When iconic actors are booked by advertising agencies for voice-over sessions, the poor creatives responsible for producing the campaign sometimes get more than they bargained for.
This clip featuring awesome Orson Welles was around when I was cutting my teeth in commercial production at Bradford’s Pennine Radio in 1979, so I guess it must be from the 1960s. As a young man, I recall listening in open-mouthed amazement (and admiration) to his increasingly angry put-downs as his frustration with the producer got the better of him.
This William Shatner clip was played on Howard Stern’s radio show. I don’t know when it was originally recorded, but again it’s a delightful example of a young creative struggling to contain a famous actor’s sense of mischief when he thinks that the person directing him really doesn’t have a clue — which certainly sounds like the case in this hilarious clip.
The point about booking incredibly famous, accomplished actors to voice commercials is — as far as the actors are concerned — that you want their voice to help sell your product, delivered in their unique style. Why, they think, would you need to tell them how to say it? What could you possibly know, that they don’t already know with all their experience, about how best to deliver what are often dreadful lines of commercial copy?

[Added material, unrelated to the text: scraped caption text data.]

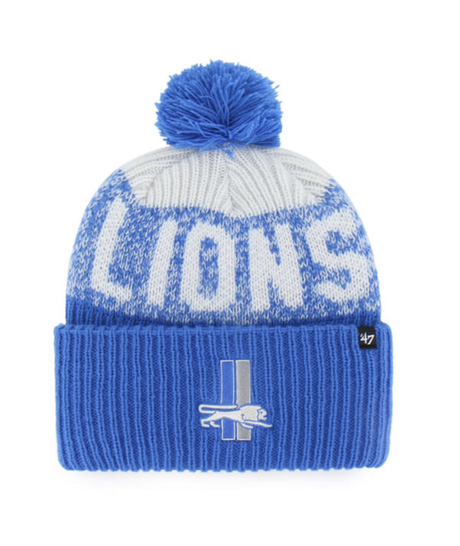 Lions 2026 '47 Brand Men's Bone Chill Cuff Knit Pro Football Hall of Fame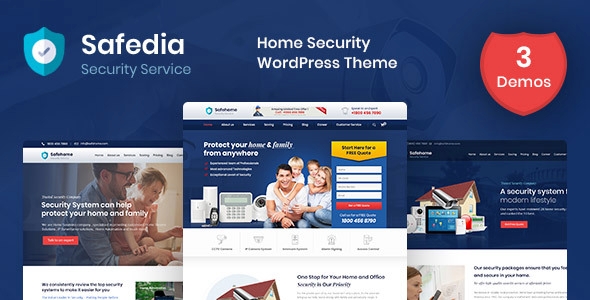 Safedia – Home Security WordPress Theme 1.5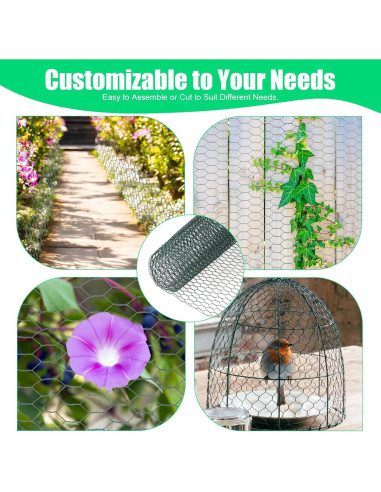 Malla de Gallinero HANWRAPS 39.9x229.9 cm Verde Galvanizada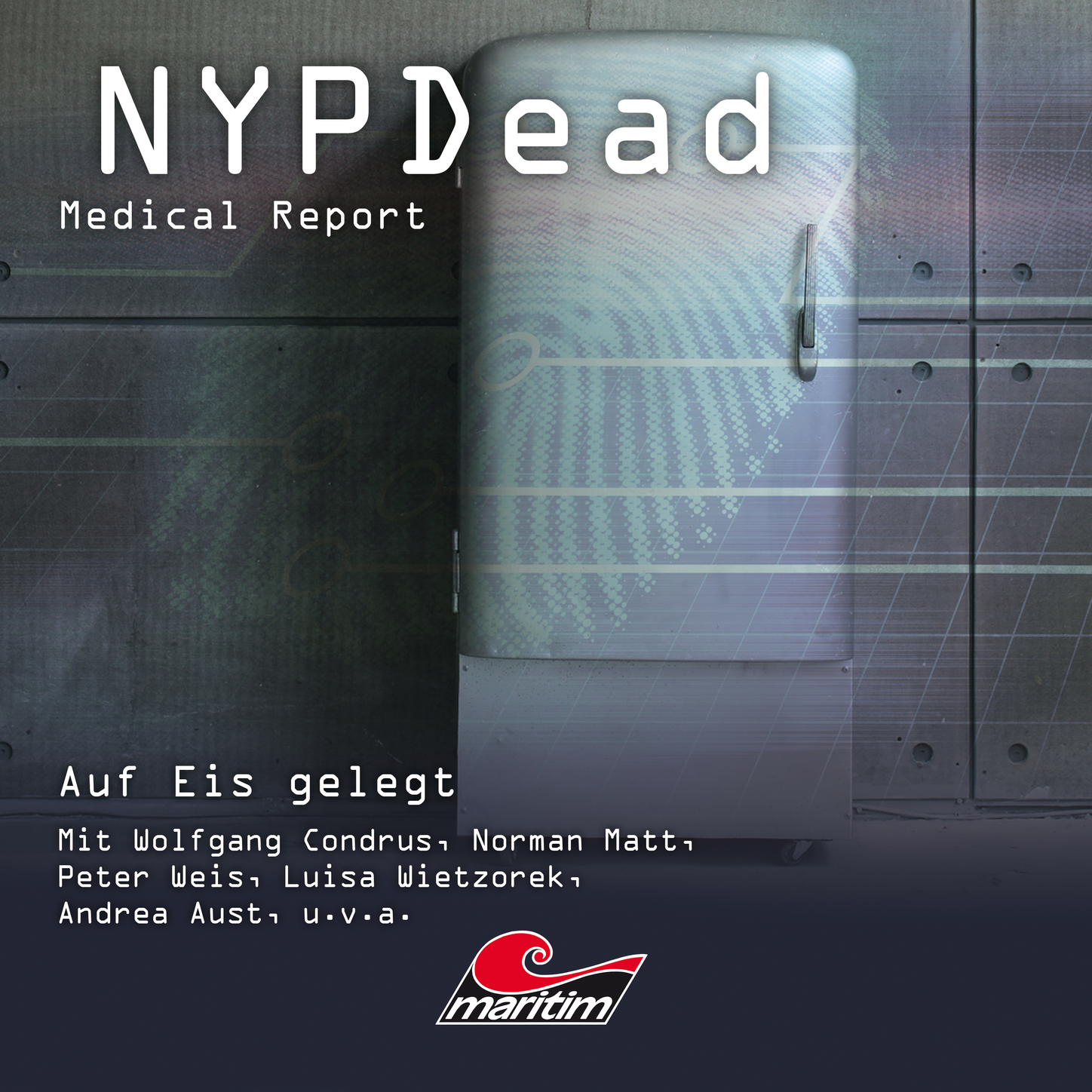 Обложка книги «NYPDead - Medical Report, Folge 8: Auf Eis gelegt»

That’s one of the differences between jobbing VO artists and famous actors who voice commercials: the jobbing VO artists have to pretend to be happy taking direction and often have to rein in their annoyance when asked to read the same thing twenty times or more, emphasising this or that word, until the creative director is satisfied he’s got his money’s-worth out of the ‘talent’ (and often ends up using take one or two anyway). Many famous actors expect to turn up, read it once, maybe twice, their way, and go home again. They’re not above getting rather stroppy if it doesn’t work out that way. Personally, I don’t blame them one little bit.